Ready Player One, Ernest Cline
This book was pure fun. Certain elements required a massive suspension of disbelief, and the supporting characters were a little flat, but I didn’t mind. It’s a lighthearted love letter to 80s pop culture, sci-fi/fantasy nerdery, and video games, and it features a massive robot fight–it’s not aspiring to be high literature.

I probably would have gotten greater enjoyment out of the book if I’d been a teen or a twentysomething during the 80s (I was born in 1984), but I could appreciate the references for what they were, and the references I did get were a delight!

One thing that bugged me about the book, however, was that the book took place in 2044, but there were almost no references (I assume) to pop culture produced after present day. It’s as if everyone stopped creating any new movies, TV, or books that were worthy of being remembered after Firefly and the Lord of the Rings movies. There’s some uninspired reality TV and propaganda and yes, a handful of computer games and educational software produced decades before the story begins, but virtually all creative storytelling effort seems to have been subsumed by endless rehashing of what has come before.

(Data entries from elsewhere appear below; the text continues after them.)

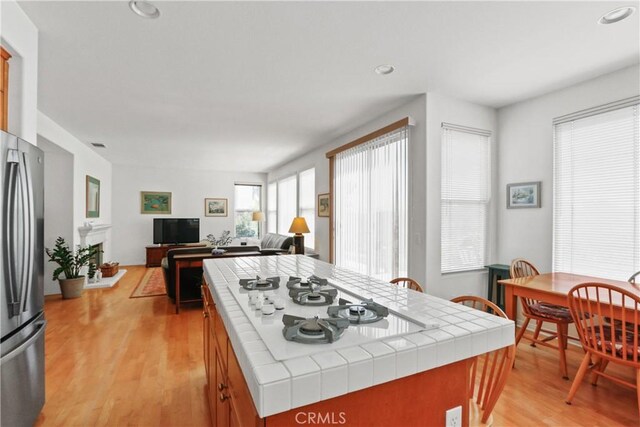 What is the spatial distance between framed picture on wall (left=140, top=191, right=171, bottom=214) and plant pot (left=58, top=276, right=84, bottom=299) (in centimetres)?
355

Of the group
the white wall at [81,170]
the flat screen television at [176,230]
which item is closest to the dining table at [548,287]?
the white wall at [81,170]

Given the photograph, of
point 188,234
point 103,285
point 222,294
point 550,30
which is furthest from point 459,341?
point 188,234

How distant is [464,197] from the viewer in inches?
143

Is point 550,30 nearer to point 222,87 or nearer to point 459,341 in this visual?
point 459,341

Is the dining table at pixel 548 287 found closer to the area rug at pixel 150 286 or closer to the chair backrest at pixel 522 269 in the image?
the chair backrest at pixel 522 269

In The Oasis, the population of Earth is living out eternal fanfic. Why not make passing reference to some sitcom produced in 2031, or a sci-fi trilogy masterpiece from 2028?

Meh. I still quite enjoyed the book, even more so with Wil Wheaton’s pitch-perfect audiobook performance.
–Cyberpunk YA Nostalgiagasm. Audiobook. Disclaimer: The author gave me a free ARC at Comic Con, though I ended up buying it again in audio format. The author is a super cool dude.

The Mists of Avalon #1: Mistress of Magic, Marion Zimmer Bradley
I’ve been hungry for some Bechdel-tastic media lately, and this was exactly what I needed. Marion Zimmer Bradley took an overwhelmingly male-dominant story and breathed life, personality, and agency into the female characters, giving them just as much influence over the course of history as the great heroes of Arthurian legend.

I know most fantasy readers discover this book much earlier than I did (I’m 27). Indeed, my high school librarian recommended it to me, but I read Bradley’s “The Firebrand” instead. I’m glad finally to have read it!

Davina Porter’s performance of the text was utterly spellbinding.
–Historical/Folklore-Flavored Fantasy. Audiobook.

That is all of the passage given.